Table 1 Search term details

The papers obtained through the WoS and manual search were manually filtered based on the title and abstract, to ensure they were related to the topic of discussion. We filtered out irrelevant papers, such as those that focus on the optimization of industrial processes (Chen et al. 2014), meta-learning (Vanschoren 2019), optimization of internal parameters (Wawrzyński 2017), and papers related to AutoML systems that are not focused on hyperparameter optimization (such as model selection algorithms (van Rijn et al. 2015; Silva et al. 2016) or pure feature selection methods (Hegde and Mundada 2020)). Neural Architecture Search (NAS) is usually considered a distinct category with its own methods and techniques for optimizing the structure of a neural network; hence, articles on NAS were only considered when the problem was addressed as an HPO problem. Articles focusing on more specific aspects of NAS (such as Negrinho et al. 2019) are beyond the scope of this research.

A full read of the articles, combined with a reference search, resulted in a final selection of 48 relevant articles. Most of these articles (about 60%) were published in conferences or workshops, though there has been an increase in scientific journal articles in 2020 (see Fig. 2); these were mainly published in Q1/Q2 journals belonging to the Computer Science field.

Fig. 2
figure 2

Number of articles that address multi-objective HPO, according to the publication source (2014–2020)

3 HPO: concepts and performance measures

Section 3.1 provides an overview of the basic concepts related to HPO, while Sect. 3.2 discusses the main performance measures (objectives) used in such optimization. Finally, Sect. 3.3 discusses the quality metrics used for comparing the performance of multi-objective HPO algorithms.

3.1 HPO: concepts and terminology

In mathematics and computer science, an algorithm is a finite sequence of well-defined instructions that, when fed with a set of initial inputs, eventually produces an output.

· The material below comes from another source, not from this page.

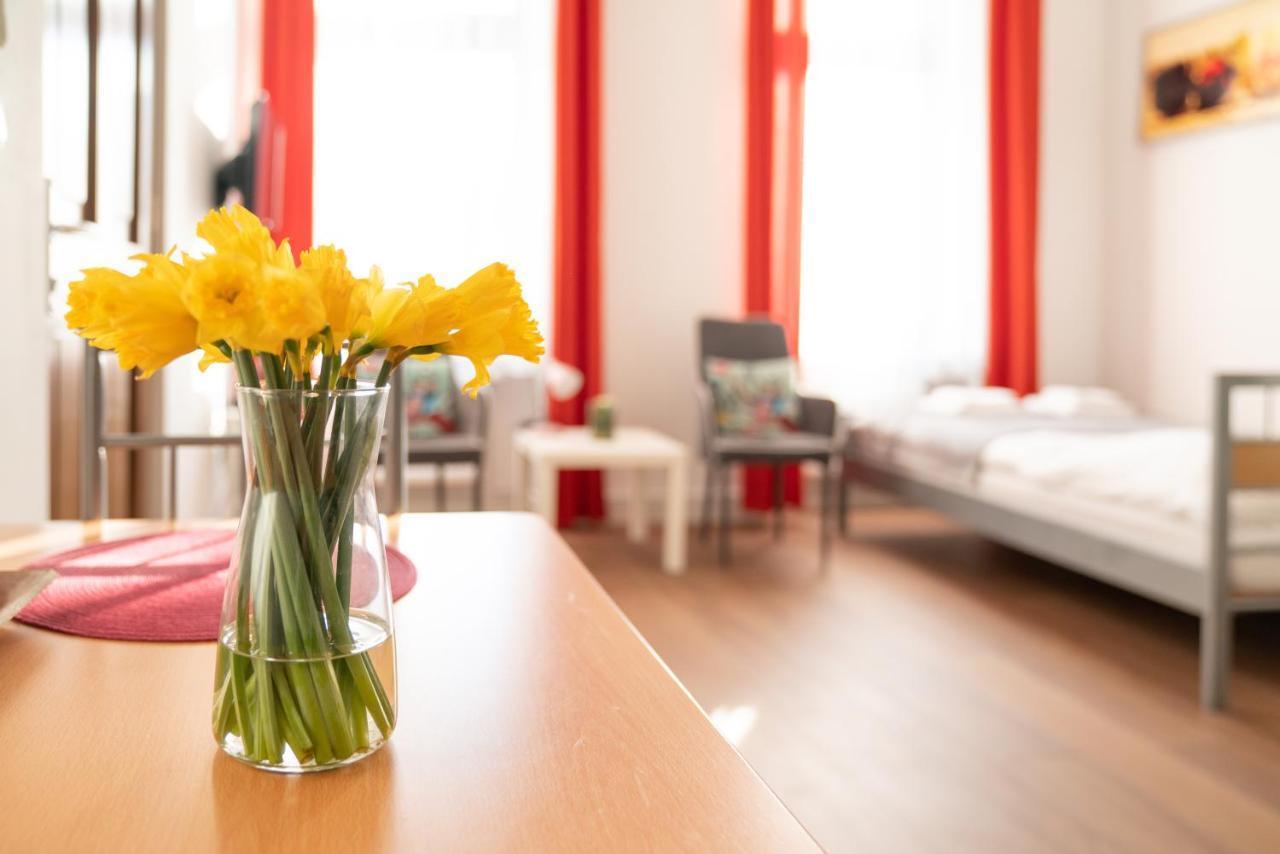 City Studio For 2, Near Sonnenallee Appartement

Figure 3 shows that in HPO, the optimization algorithm forms an “outer” shell of optimization instructions; the “inner” optimization refers to the training and cross-validation of the target ML algorithm (e.g., ANN, SVM, etc.). This inner optimization trains the target algorithm to perform the task it should perform (e.g., predicting house prices from a data set, using a set of features). In turn, the HPO algorithm takes the hyperparameters of the target ML algorithm as input and produces a number of performance measures as output (e.g., RMSE, energy consumption, etc.). The aim of the HPO algorithm is to optimize the set of hyperparameters, in view of obtaining the best possible outcomes for the performance measures considered.

Fig. 3
figure 3

Example of the interplay between the HPO algorithm and the target ML algorithm (in this case, an ANN for predicting house prices)

More formally, the single-objective HPO problem can be formalized as follows. Consider a target ML algorithm \(\mathcal {A}\) with N hyperparameters, such that the n-th hyperparameter has a domain denoted by \(\Lambda _n\). The overall hyperparameter configuration space is denoted as \(\Lambda =\Lambda _1 \times \Lambda _2 \times \cdots \times \Lambda _N\). A vector of hyperparameters is denoted by \(\varvec{\lambda } \in \Lambda\), and an algorithm \(\mathcal {A}\) with its hyperparameters set to \(\varvec{\lambda }\) is denoted by \(\mathcal {A}_{\varvec{\lambda }}\). In the case of HPO, the available data are split into a training set, a validation set, and a test set. The learning process of the algorithm takes place on the training set (\(\mathcal {D}_{train}\)) and is validated on the validation set (\(\mathcal {D}_{valid}\)). We can then formalize the single-objective HPO problem as (Feurer and Hutter 2019):

$$\begin{aligned} \min _{\varvec{\lambda } \in \Lambda } V(\mathcal {L}\mid \mathcal {A}_{\varvec{\lambda }}, \mathcal {D}_{train}, \mathcal {D}_{valid} ) \end{aligned}$$

where \(V(\mathcal {L} \mid \mathcal {A}_{\varvec{\lambda }}, \mathcal {D}_{train}, \mathcal {D}_{valid} )\) is a validation protocol that uses a loss function \(\mathcal {L}\) to estimate the performance of a model \(\mathcal {A}_{\varvec{\lambda }}\) trained on \(\mathcal {D}_{train}\) and validated on \(\mathcal {D}_{valid}\). Popular choices for the validation protocol \(V(\cdot )\) are the holdout and cross-validation process (see Bischl et al. 2012 for an overview of validation protocols). Without loss of generality, we assume in the remainder of this article that the loss function should be minimized.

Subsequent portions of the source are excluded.